Chapter 4 Determining the minimum sampling size

Several strategies exist for designing soil sampling, including regular, random, and stratified sampling. Each strategy comes with its own set of advantages and limitations, which must be carefully considered before commencing a soil sampling campaign. Regular sampling, also called grid sampling, is straightforward and ensures uniform coverage, making it suitable for spatial analysis and detecting trends. However, it may introduce bias and miss small–scale variability. Generally, random sampling may require a larger number of samples to accurately capture soil variability compared to stratified sampling, which is more targeted. Nonetheless, from a statistical standpoint, random sampling is often preferred. It effectively minimizes selection bias by giving every part of the study area an equal chance of being selected. This approach yields a sample that is truly representative of the entire population, leading to more accurate, broadly applicable conclusions. Random sampling also supports valid statistical inferences, ensures reliability of results, and simplifies the estimation of errors, thereby facilitating a broad spectrum of statistical analyses.

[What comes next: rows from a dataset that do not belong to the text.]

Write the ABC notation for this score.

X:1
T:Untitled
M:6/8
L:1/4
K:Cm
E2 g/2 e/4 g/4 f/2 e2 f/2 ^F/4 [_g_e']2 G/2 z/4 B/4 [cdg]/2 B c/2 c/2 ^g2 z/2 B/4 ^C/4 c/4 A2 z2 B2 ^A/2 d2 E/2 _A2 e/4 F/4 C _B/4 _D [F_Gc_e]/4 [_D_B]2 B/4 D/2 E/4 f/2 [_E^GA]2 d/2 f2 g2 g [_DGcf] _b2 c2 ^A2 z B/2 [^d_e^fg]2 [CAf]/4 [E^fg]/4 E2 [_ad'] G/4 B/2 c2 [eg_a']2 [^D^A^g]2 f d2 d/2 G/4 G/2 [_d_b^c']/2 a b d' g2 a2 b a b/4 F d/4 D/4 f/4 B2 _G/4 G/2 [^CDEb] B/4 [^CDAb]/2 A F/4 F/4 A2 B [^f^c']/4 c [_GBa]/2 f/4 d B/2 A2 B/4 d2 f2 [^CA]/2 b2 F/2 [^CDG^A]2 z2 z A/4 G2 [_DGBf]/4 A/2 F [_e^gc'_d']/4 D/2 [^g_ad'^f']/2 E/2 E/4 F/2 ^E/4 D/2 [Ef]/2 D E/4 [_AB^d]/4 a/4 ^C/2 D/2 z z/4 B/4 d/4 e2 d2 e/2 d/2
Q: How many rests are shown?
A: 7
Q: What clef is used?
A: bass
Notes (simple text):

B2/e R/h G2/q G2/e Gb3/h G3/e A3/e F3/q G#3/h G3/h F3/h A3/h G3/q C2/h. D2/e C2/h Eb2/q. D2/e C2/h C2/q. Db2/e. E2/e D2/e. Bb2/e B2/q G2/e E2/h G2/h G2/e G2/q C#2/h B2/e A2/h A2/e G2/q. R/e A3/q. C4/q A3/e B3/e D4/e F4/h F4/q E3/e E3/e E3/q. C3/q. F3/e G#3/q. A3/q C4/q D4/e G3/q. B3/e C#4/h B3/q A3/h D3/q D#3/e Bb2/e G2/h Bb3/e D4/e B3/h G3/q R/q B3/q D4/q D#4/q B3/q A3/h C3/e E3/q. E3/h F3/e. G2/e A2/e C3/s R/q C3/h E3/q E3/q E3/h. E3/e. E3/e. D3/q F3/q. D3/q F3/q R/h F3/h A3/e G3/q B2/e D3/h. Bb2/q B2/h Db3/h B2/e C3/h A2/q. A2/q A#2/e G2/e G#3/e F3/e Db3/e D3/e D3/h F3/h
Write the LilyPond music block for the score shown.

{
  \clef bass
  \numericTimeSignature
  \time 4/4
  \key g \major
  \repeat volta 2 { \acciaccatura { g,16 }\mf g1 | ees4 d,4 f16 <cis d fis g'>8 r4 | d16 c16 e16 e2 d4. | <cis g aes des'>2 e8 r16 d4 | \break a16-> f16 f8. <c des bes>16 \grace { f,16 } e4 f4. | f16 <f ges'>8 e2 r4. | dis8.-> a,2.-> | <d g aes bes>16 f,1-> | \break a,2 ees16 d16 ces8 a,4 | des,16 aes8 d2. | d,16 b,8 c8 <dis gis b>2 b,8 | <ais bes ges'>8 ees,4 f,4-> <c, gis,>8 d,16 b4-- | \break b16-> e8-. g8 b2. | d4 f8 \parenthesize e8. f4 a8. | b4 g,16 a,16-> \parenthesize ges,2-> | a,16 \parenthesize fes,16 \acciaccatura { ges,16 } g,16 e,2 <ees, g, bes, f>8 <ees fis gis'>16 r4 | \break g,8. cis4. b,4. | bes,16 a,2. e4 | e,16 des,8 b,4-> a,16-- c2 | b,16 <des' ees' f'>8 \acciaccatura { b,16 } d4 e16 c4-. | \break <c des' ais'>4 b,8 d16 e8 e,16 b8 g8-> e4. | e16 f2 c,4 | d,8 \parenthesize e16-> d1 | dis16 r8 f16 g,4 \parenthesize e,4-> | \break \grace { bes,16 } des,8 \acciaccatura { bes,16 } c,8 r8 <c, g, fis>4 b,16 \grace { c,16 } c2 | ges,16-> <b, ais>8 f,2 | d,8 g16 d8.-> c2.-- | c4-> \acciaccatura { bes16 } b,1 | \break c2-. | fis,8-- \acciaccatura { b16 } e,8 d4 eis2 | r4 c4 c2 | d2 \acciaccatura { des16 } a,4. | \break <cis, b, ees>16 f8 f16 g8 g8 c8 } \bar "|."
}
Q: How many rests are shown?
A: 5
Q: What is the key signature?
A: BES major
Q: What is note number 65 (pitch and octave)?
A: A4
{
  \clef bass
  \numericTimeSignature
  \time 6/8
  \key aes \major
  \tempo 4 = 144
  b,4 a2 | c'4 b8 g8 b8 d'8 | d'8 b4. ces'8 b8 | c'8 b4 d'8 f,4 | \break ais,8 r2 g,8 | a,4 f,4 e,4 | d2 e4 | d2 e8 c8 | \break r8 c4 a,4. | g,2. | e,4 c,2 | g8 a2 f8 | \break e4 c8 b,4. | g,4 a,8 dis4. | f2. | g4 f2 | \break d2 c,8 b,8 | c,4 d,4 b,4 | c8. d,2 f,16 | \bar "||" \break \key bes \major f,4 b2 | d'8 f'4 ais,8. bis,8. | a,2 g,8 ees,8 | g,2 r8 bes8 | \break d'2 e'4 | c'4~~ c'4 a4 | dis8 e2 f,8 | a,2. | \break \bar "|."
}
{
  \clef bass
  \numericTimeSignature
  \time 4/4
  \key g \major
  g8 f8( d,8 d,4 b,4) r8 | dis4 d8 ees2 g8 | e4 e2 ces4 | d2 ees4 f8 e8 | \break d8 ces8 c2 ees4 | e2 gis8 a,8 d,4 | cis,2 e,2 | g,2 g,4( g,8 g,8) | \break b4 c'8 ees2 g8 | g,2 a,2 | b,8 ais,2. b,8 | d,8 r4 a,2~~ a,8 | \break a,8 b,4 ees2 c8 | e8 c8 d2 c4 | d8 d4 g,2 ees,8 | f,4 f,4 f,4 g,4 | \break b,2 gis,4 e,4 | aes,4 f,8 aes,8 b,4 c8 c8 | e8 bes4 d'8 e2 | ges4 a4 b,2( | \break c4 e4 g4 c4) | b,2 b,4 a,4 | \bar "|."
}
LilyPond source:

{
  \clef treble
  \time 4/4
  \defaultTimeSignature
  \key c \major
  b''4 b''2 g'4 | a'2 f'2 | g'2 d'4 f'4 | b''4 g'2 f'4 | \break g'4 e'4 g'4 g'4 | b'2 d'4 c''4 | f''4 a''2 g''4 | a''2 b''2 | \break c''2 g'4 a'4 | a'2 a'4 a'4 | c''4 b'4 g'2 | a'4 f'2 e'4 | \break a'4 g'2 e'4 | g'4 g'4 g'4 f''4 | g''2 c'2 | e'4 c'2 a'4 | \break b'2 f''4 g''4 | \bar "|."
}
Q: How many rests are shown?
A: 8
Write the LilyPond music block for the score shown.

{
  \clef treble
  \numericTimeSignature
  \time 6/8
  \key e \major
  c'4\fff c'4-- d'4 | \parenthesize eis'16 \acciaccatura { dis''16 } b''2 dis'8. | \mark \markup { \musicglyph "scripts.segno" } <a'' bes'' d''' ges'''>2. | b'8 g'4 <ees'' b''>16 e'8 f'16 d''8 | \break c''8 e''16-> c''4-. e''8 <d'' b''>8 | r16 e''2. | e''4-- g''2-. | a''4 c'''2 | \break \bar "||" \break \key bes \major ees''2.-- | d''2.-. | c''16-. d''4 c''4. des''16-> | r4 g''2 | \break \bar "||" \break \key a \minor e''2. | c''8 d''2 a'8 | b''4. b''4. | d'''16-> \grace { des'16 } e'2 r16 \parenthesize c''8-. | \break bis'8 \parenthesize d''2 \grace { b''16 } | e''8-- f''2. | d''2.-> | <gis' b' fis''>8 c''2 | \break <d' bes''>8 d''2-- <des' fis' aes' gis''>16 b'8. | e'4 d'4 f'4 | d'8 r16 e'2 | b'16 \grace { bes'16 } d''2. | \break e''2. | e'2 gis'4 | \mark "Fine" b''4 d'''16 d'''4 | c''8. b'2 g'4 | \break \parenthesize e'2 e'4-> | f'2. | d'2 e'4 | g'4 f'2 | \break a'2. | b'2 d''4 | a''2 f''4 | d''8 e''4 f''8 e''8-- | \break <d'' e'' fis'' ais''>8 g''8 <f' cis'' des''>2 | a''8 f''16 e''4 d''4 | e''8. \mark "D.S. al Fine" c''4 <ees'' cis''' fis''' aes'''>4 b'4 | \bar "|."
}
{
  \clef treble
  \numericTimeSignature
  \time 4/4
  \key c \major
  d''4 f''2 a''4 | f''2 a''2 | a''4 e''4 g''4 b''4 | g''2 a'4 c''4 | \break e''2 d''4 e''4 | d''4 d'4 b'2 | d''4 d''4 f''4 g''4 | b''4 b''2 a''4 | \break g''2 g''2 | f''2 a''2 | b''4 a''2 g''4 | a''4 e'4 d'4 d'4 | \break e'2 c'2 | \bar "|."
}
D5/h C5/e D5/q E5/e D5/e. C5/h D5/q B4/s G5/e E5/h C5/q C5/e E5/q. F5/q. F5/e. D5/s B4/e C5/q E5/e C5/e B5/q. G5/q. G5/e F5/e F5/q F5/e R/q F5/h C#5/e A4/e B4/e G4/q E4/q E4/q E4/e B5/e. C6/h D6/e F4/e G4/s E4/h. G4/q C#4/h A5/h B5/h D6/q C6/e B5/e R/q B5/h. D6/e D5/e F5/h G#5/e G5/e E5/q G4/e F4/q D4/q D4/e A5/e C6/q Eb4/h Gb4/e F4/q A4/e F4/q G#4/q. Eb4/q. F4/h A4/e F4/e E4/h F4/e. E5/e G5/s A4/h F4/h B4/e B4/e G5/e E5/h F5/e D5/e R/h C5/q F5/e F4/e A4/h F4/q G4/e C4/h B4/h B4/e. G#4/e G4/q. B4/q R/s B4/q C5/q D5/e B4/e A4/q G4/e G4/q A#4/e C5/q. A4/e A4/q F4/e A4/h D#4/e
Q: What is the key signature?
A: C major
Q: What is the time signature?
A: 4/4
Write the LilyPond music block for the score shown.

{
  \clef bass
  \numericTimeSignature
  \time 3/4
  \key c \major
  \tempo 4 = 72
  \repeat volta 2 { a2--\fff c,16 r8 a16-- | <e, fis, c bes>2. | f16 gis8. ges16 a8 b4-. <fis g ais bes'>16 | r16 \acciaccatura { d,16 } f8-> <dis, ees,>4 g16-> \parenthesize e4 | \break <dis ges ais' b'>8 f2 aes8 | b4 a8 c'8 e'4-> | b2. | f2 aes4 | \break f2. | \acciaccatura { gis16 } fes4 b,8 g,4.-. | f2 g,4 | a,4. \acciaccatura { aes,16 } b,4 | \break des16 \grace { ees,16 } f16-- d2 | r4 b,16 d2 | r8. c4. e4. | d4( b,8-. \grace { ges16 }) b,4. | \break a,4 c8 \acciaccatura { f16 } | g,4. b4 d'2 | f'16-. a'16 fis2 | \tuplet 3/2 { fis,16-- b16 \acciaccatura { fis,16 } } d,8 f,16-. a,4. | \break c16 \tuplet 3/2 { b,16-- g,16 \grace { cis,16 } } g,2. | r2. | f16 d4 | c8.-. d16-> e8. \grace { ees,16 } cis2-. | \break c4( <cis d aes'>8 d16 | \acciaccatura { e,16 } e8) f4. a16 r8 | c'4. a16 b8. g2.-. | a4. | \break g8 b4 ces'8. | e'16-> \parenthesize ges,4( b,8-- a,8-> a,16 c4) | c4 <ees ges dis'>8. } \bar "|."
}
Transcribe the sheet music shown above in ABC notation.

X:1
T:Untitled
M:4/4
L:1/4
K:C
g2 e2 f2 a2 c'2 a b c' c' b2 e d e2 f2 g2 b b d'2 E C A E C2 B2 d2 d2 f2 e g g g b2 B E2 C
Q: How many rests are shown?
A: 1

The determination of both the number and locations of soil samples is an important element in the success of any sampling campaign. The chosen strategy directly influences the representativeness and accuracy of the soil data collected, which in turn impacts the quality of the conclusions drawn from the study.

In this manual, we make use of the data from Vietnam as stored in the Google Earth repository of FAO-GPS (digital-soil-mapping-gsp-fao) for the Nghe An province. We want to determine the minimal number of soil samples that must be collated to capture at least the 95% of variability within the environmental covariates. The procedure start with random distribution of a low number of samples in the area, determine the values of the spatial covariates, and compare them with those representing the whole diversity in the area at pixel scale. The comparisons are made using the 'Kullback–Leibler divergence (KL)' – a measure of how the probability distribution of the information in the samples is different from that of the Population, i.e. the covariate space. We also calculate the '% of representativeness' as the percent of variability in the covariate information for the complete area related to the variability of covariate information in the sample dataset.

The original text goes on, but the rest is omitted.